Os hóspedes eram, em sua maioria, pessoas fracassadas e frustradas. Havia velhos aposentados, amargando o esquecimento e a solidão da velhice. Também havia jovens que, impulsivamente, haviam deixado o conforto de deus lares em busca de liberdade e paz. E era comum também que criminosos, traficantes principalmente, daqueles da mais baixa classe, ali se escondessem. Eu não me importava muito com isso, sequer dava bom dia a alguém, se assim fosse possível. Só queria mesmo ter um lugar para dormir, tomar banho e preparar um macarrão instantâneo na madrugada. Seria passageiro. Logo me formaria e conseguiria um trabalho. Pelo menos esses eram os planos. Com a dona da pensão, eu queria o menor contato possível. Pessoa repugnante e grosseira, com mau humor até nos mais lindos dias de sol. Só a via, no que dependesse de mim, no dia de pagar o aluguel.
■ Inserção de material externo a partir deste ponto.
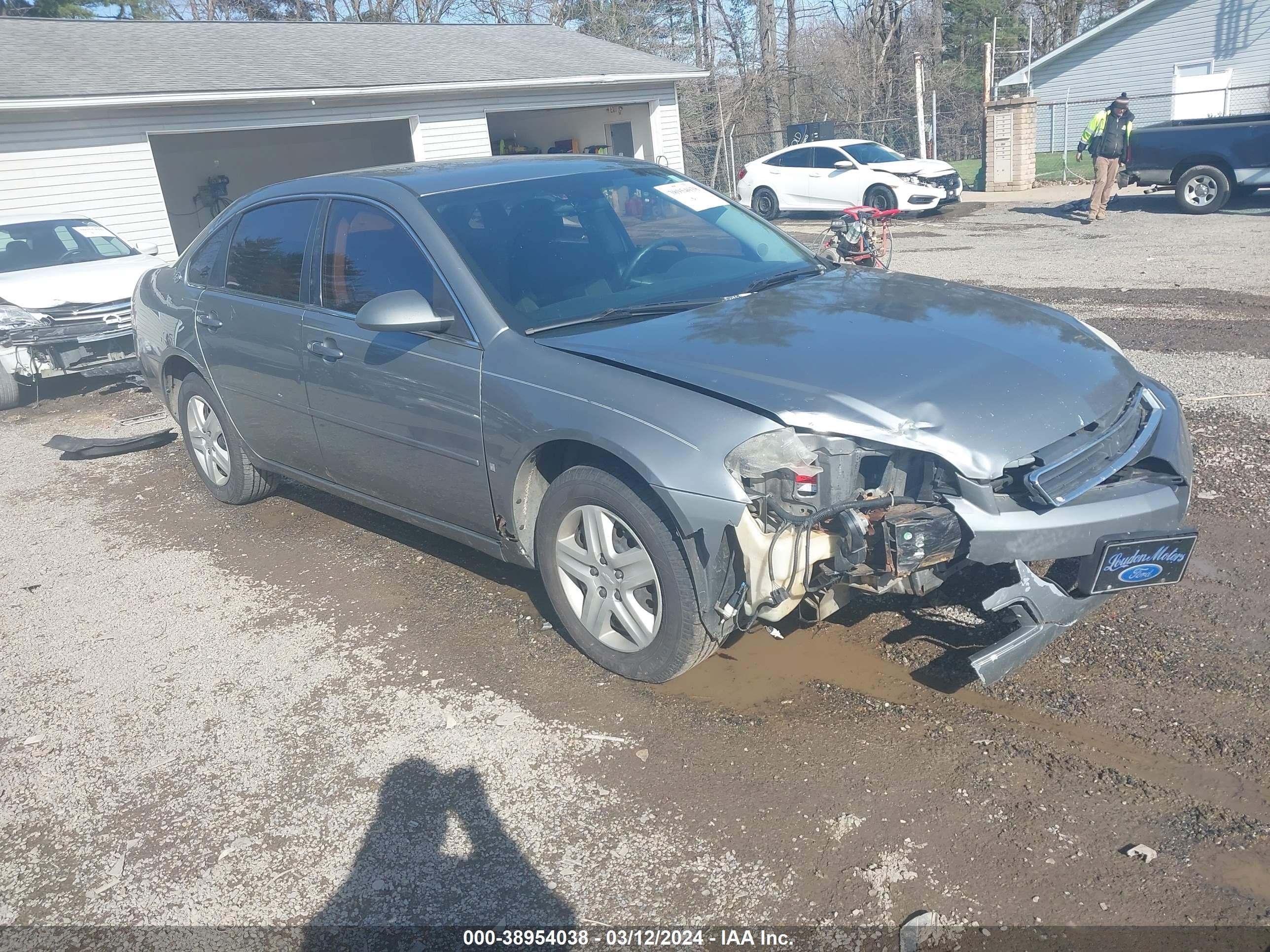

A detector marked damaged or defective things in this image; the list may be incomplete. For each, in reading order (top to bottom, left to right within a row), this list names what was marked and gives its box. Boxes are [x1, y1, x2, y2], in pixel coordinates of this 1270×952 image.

damaged front end of car [0, 298, 139, 388]
damaged white sedan [0, 214, 164, 411]
damaged front end of car [711, 380, 1194, 685]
Mas havia alguém, naquela pocilga mal cheirosa, com quem eu gostava de interagir. Heitor era um homem de aproximadamente cinquenta e cinco anos. Eu o encontrava na cozinha, sempre durante as madrugadas. Eu gostava de preparar algo rápido no micro-ondas, nesses horários, quando a pensão parecia deserta, pois a maioria dos inquilinos se recolhia em seus quartos mofados. Heitor quase sempre estava lá, em sua cadeira de rodas, preparando algum chá. A seu lado, na cadeira de balanço que ficava ao lado do fogão, sua idosa mãe. Acabávamos tendo boas conversas. A senhora também era muito simpática e demonstrava ter bastante educação. Heitor recebia, por ser cadeirante, um miserável auxílio do governo, que mal pagava aquele quinto dos infernos no qual morávamos. Mas era isso ou viver nas ruas com a velha mãe. Tinha o hobby de, durante o dia, criar esculturas artesanais em sisal. Fazia coisas realmente bonitas e as vendia, aos sábados, numa feira que era organizada a duas quadras da pensão. Assim conseguia ainda algum dinheiro para as despesas básicas. A pensão não tinha acessibilidade e era um sacrifício para ele se locomover por ali, principalmente sair à rua. Durante à noite, dizia não sentir muito sono e, por isso, ia à cozinha preparar chá de hortelã para a mãe idosa.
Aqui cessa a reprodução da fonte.